Autorzy reportaży prześcigają się w wyszukiwaniu coraz ostrzejszych tematów, świadomi, że tylko zbrodnie na wielką skalę pozwolą im wstrząsnąć czytelnikami i przekonać do wyjścia ze strefy komfortu. Coraz częściej też zwracają uwagę na zagadnienia dość odległe, niemal egzotyczne, jeśli wziąć pod uwagę dystans geograficzny – być może to konsekwencja globalizacji, może też – chęć spojrzenia na rejony przez media zapomniane i odrzucane. Reporterzy chcą, by wiadomości o czystkach etnicznych, ludobójstwie i łamaniu praw człowieka obiegła świat. Tom „Najważniejszy wrzesień świata. Kronika niezauważonego ludobójstwa na Rohingach” Marka Rabija do tego zestawu książek dołącza. Autor odwołuje się do nieodległej przeszłości: wydarzenia, których konsekwencje obserwuje, rozegrały się w 2017 roku – w 2018 Rabij w obozach dla uchodźców wyszukiwał z pomocą tłumaczy najbardziej dramatyczne opowieści ocalałych z prześladowań w Birmie.

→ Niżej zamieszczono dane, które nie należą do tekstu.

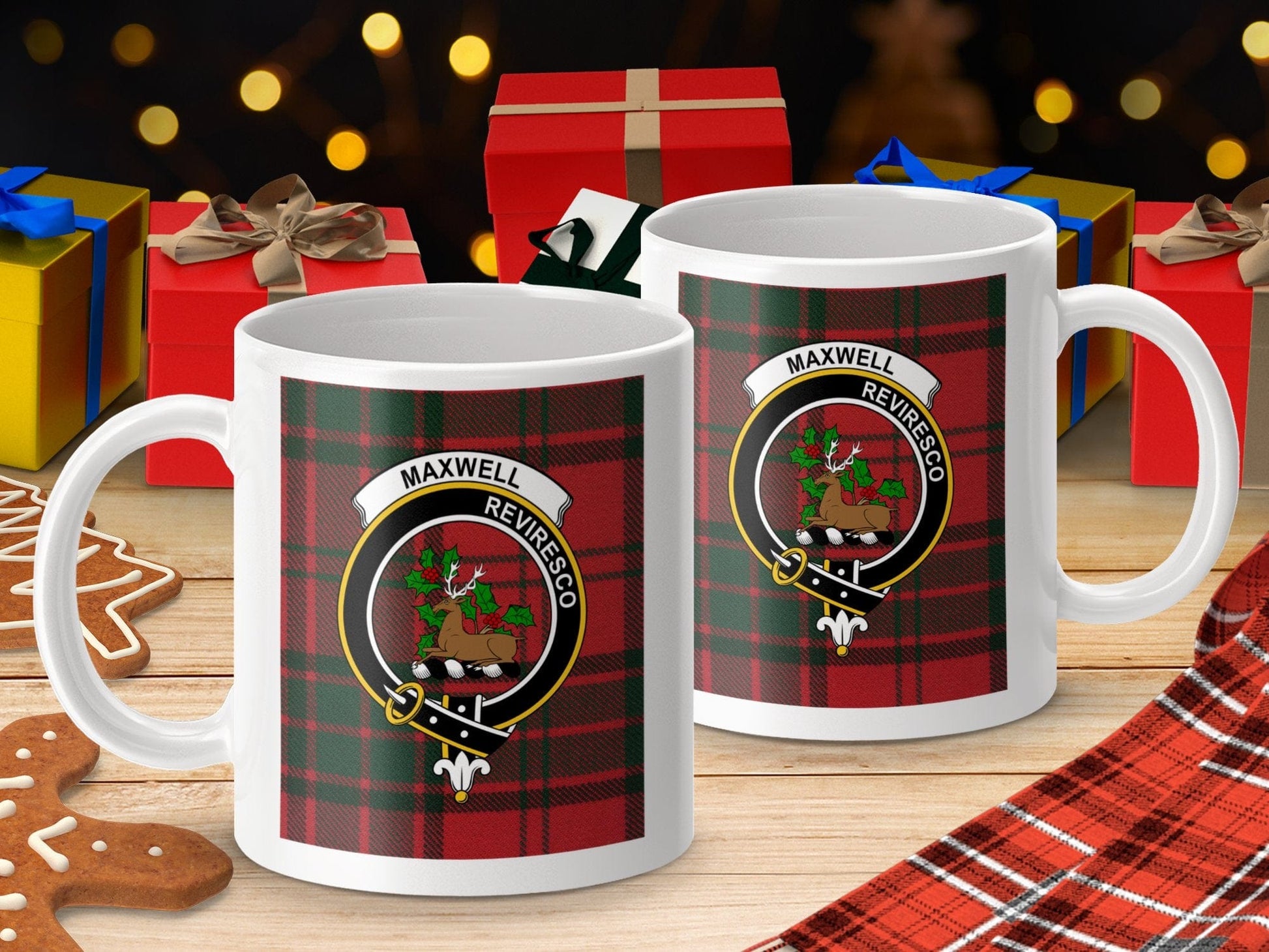 Physical Item Maxwell Clan Scottish Tartan Crest Mugs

Wysłuchuje autor opowieści o utraconym szczęściu. Rozmówcy uświadamiają mu, za czym mogą tęsknić i co nie wróci – ale relacjonują też fakty, pokazują, jak z ich perspektywy wyglądała czystka. Znajduje się w kolejnych rozdziałach wiele opowieści o tym, jak rodziny musiały patrzeć na śmierć swoich najbliższych. Pożary, gwałty, rany zadawane dorosłym i dzieciom, rozdzielani ludzie, bestialstwo. Głód, przerażenie i nadludzki wysiłek, gdy już uda się uciec z masakry. Bohaterowie tej książki stawiają na zapamiętane obrazy, strzępki wspomnień, czasami tylko uczucia albo wrażenia zmysłowe najsilniejsze w momencie grozy. Prezentują przeszłość wybiórczo, ale z najbardziej ludzkiej – zrozumiałej bez względu na szerokość geograficzną – perspektywy. Dla każdego ważne były inne kwestie i inne obrazy zostały pod powiekami. Rabij przeszłość odtwarza za sprawą kolejnych wyznań, posiłkuje się komentarzami świadków, bo też wie, że żadne interpretacje czy opracowania nie oddadzą w pełni grozy sytuacji. Kiedy wykorzystuje bezpośrednie cytaty, może też – automatycznie – budzić pytania o los pozostałych przy życiu. Ich sytuacja jest nie do pozazdroszczenia, muszą radzić sobie samodzielnie z koszmarami, traumami i konsekwencjami uczestnictwa w rzezi. Jednym szansę na normalność odebrały rany na ciele, innym – te na duszy. Niektórzy znajdują w sobie tyle siły, by walczyć jeszcze o dzieci, ale nie ma już mowy o egzystencji bez złych wspomnień. Nawet jeśli nie istnieje już bezpośrednie zagrożenie, strach pozostaje – i powraca w wyznaniach.
Marek Rabij do zebranych opowieści dodaje jeszcze bezpośrednie obserwacje, stara się przedstawić czytelnikom to, co może sprawdzić – nie zajmuje się odtwarzaniem przeszłości, wystarczą mu fragmentaryczne zwierzenia. Ale chce działać na wyobraźnię przez przedstawianie tych, którzy podzielili się z nim swoimi historiami. Tych opisuje i w tekście, i przez zdjęcia – dość artystyczne jak na tak ciężki reportaż.
„Najważniejszy wrzesień świata” to książka, która dotrzeć może do odbiorców szukających trudnej literatury faktu. Autor skupia się na ludziach, nie chodzi mu o przekonywanie do żadnych ideologii czy podsycanie konfliktów – chce pokazać, do czego prowadzi nienawiść.